The dire, decades-later sequel “Spinal Tap II: The End Continues” calls to mind a throwaway gag from the original mockumentary, “This is Spinal Tap,” citing a critic’s two-word review of the fictional band’s underwhelming album, “Shark Sandwich.” Said joke is unprintable here, but like most lines in Rob Reiner’s 1984 masterpiece, it’s burned into the memories of rock fans and comedy nerds who revere the film as a sacred text. One of the most quotable movies ever made, “Spinal Tap” chronicled the disastrous final tour of a dim-bulb heavy metal band slipping into obscurity, downsizing from arenas to air force bases and theme parks where they’re second-billed to puppet shows. The film was so brutally accurate about the indignities of the music industry and tensions of life on the road, Aerosmith’s Steven Tyler famously didn’t realize he was watching a comedy.

No matter that the movie is a cult classic canonized by the Criterion Collection and required viewing on musicians’ tour buses to this day, Reiner and his co-writers/co-stars Christopher Guest, Michael McKean and Harry Shearer claim they never made any money from the picture. Shearer has spent the past several years in court wrestling ownership of the property back to its creators. This might explain why “Spinal Tap II: The End Continues” wheezes onscreen with such a slack, valedictory aura; it’s a movie made not because anybody involved had anything new or urgent to say, but merely because they could make it. Steven Tyler might not realize this one’s a comedy because it isn’t very funny.
Lord knows, there’s plenty of material to be mined from the rock n’ roll gerontocracy. (Last month, The Who brought their most recent farewell tour to Fenway Park. Their first was in 1982.) But despite a semi-amusing new composition by Shearer’s bassist Derek Smalls called “Rockin’ in the Urn,” this lazy sequel is content to play the hits, literally. A huge amount of the 83-minute running time is the band bickering in a New Orleans rehearsal space, running through songs from the first film’s soundtrack and their significantly less humorous, though brilliantly titled, 1992 reunion album, “Break Like the Wind.”
The wisp of a plotline finds the feuding rockers forced to reunite for a contractually obligated reunion concert, despite the fact that they haven’t spoken in 15 years. The reason for their breakup is an especially unsatisfying secret that’s dragged out for most of the movie and then waved away as soon as it’s revealed. The whole setup is just a flimsy excuse to bring in rock royalty cameos from the likes of Paul McCartney and Elton John, both being good sports while playing themselves as Spinal Tap superfans. This might sound clever in theory, but it makes no sense within the comic universe that the first picture so carefully constructed.

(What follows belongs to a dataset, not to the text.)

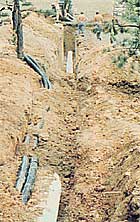 The drainage lines for the foundation run through the same trenches as the "cool tubes".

McCartney waxing rhapsodic about the lyrics to “Big Bottom,” citing the brilliance of the “flesh tuxedo” and “pink torpedo” metaphors is good for a cheap chuckle. (He isn’t entirely wrong: “Big Bottom” was my go-to song back whenever I was drunk enough to do karaoke, and I still have vague memories of a blurry night at Kings when an angry bachelorette party thought I was singing it about the bride-to-be.) But a Beatle praising these nitwits as musical geniuses undoes all the verisimilitude that made the first film so special. It’s just being silly with celebrity guest stars. What made “This is Spinal Tap” achingly hilarious was the gap between the band’s grandiose posturing and their increasingly low-rent circumstances. You can’t pull off that joke when Sir Elton is fawning all over you.

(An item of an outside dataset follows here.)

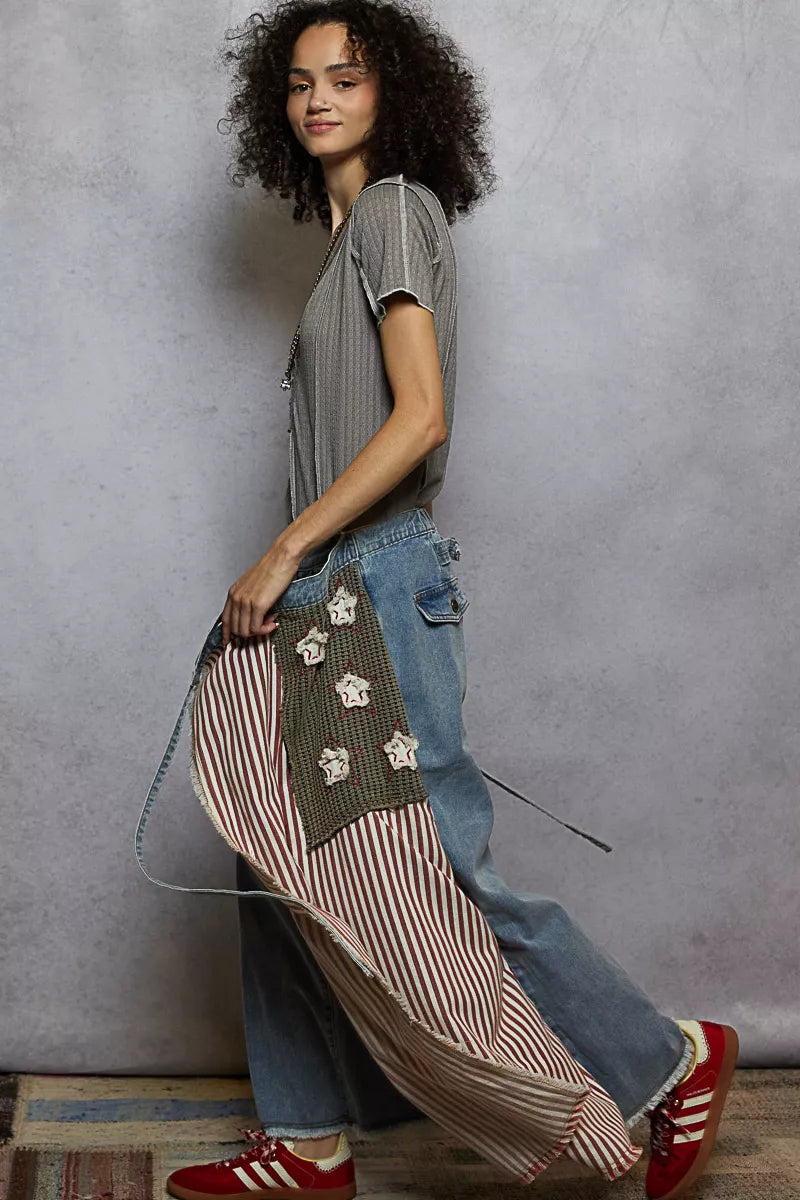 Grey pinstripe V-neck short sleeve top with stitch seam detail, side view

The original film was a model of storytelling concision, ruthlessly whittled by Reiner and his editors from an improv-heavy, four-hour assembly edit down to a diamond-hard 82 minutes. “The End Continues” feels like a filmed brainstorming session, flabby and full of undeveloped false starts like the band’s young lesbian drummer (Valerie Franco) and a contemptuous publicist (Chris Addison) who thinks it could help ticket sales if one of the members croaks onstage. Addison has strong timing and might have made a good antagonist if the film had any interest in engaging with the realities of today’s music business. But instead he abruptly exits the movie as if the actor suddenly remembered he had somewhere else to be that afternoon.
“Spinal Tap II” was not screened in advance for local critics, and the distributor spent weeks refusing to acknowledge my inquiries about the film. I wound up paying to see it at a largely unattended “fan event” screening in a cavernous IMAX theater where the jokes echoed across the rows of empty seats, recalling one of the most brutally funny scenes from the first film. All they needed was a “Puppet Show and Spinal Tap” sign on the marquee.
“Spinal Tap II: The End Continues” is now in theaters.